No one gets into a relationship with the intention of it failing, but sometimes you’ve got to accept the situation. Every relationship is different, but many ten to fail for similar reasons.
“They are whirlwind promenades that begin with sex and never seem to get around to the fundamentals of friendship and respect,” says marriage and family expert Richard Hamon. “They tend to be short‑lived and inconsequential. They tend to focus on quick satisfaction, instead of the underlying fundamentals.”
Whether it’s been a few years or a few weeks, there are ways of figuring out whether your relationship is salvageable or destined for disaster.
1) He or she is not making time for you
To be in a successful relationship, you must make each other a priority. Yeah, you both have lives that include school, work, family, friends, internships and more. But if you really love someone, you’ll make time for them no matter how hectic your schedule may be. If he’s more anxious to hang with his boys or she would rather be having a girls’ night with her friends and you’re constantly put on the backburner, it may be time for you to cut ties.
"You know a relationship is failing when your significant other deletes your posts on his or her Facebook wall and will take phone calls while you are in his or her presence and their tone completely changes. The biggest way to know that your relationship is failing is when you are no longer happy in the relationship." -Lanee Higgins, sophomore at Hood College
2) Your needs are not being met.
First of all, if you want a relationship to work, you have to make sure you’ve got your stuff together so that you can make a good partner to someone. A huge part of this is knowing what you want. If you know what you want, you’ll never settle for less than that. If being with your partner isn’t fun, fulfilling or comfortable, they may not be the right person for you. You should be able to laugh, have fun and feel emotionally supported with that person. The people in your life should lift you up when you’re down, not the other way around.

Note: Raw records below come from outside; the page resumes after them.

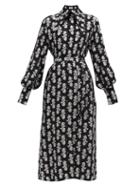 Matchesfashion.com 16arlington - Namika Puritan-collar Fil-coup Crepe Shirt Dress - Womens - Black Print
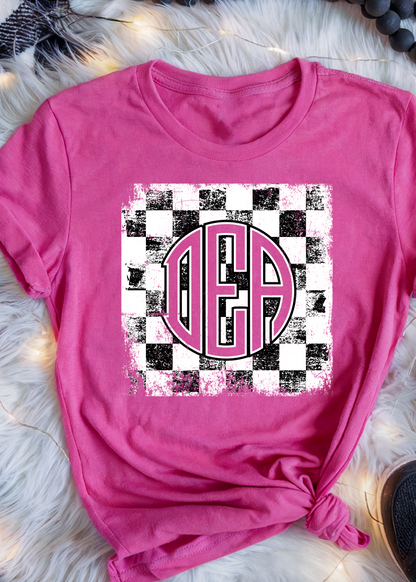 Grunge Checkered Monogram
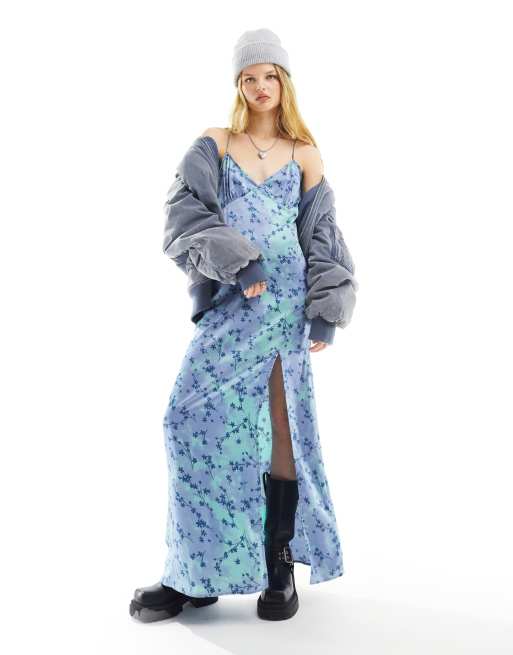 Daisy Street - Blå maxi-cami-kjole med 90'er-blomstermønster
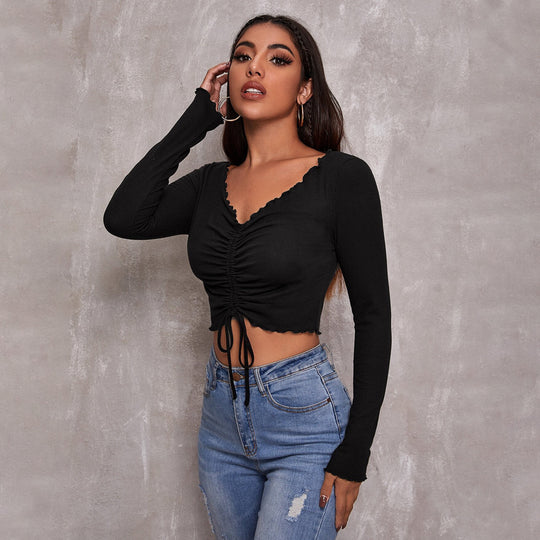Damen geripptes Cropped-Longsleeve mit Tunnelzugvorderseite, Bindekordeln und gewelltem Saum Shop Nory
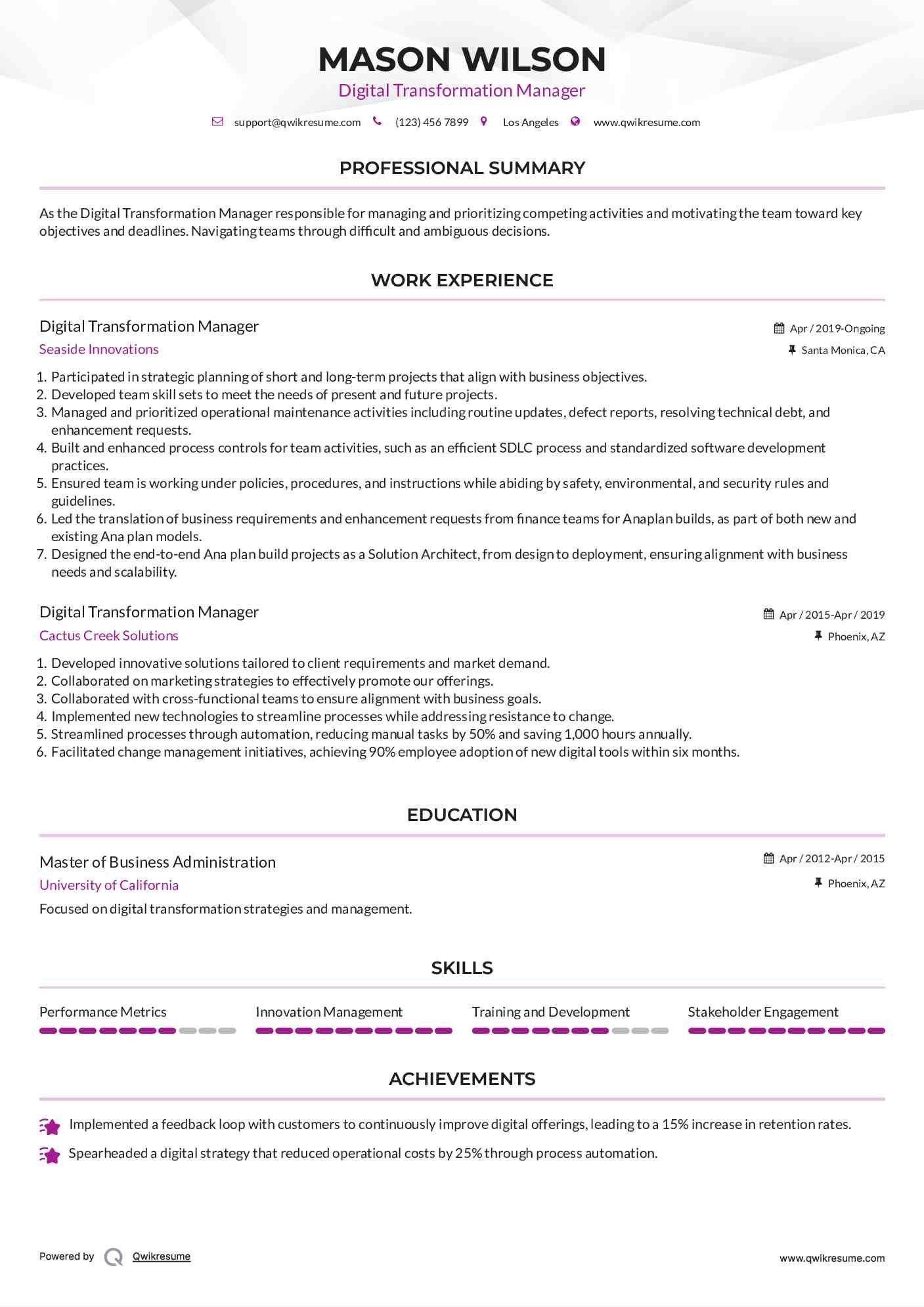 Digital Transformation Manager Resume Sample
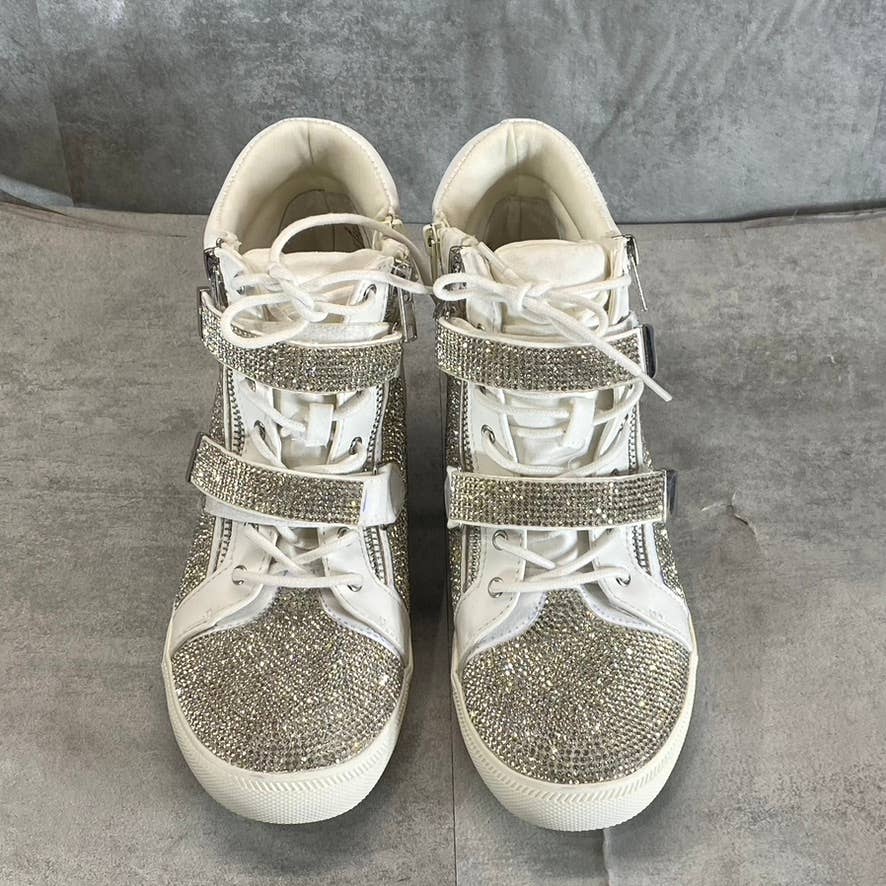 INC INTERNATIONAL CONCEPTS Women's Silver Rhinestone Debby Wedge Sneakers SZ 6.5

3) There’s little to no communication.
It shouldn’t be new information to you that the key to a healthy relationship is communication. Cliché, maybe, but true. If you can’t open up to this person and tell them how you feel, that’s a problem. You should be comfortable enough around this person that you can tell them anything, whether it’s opening up to them about personal issues or being honest with them about what they’re doing wrong. In turn, they should be just as open with you. If you can’t communicate, you’ll never know what’s wrong and the problems in your relationship will fester and eventually get the best of you.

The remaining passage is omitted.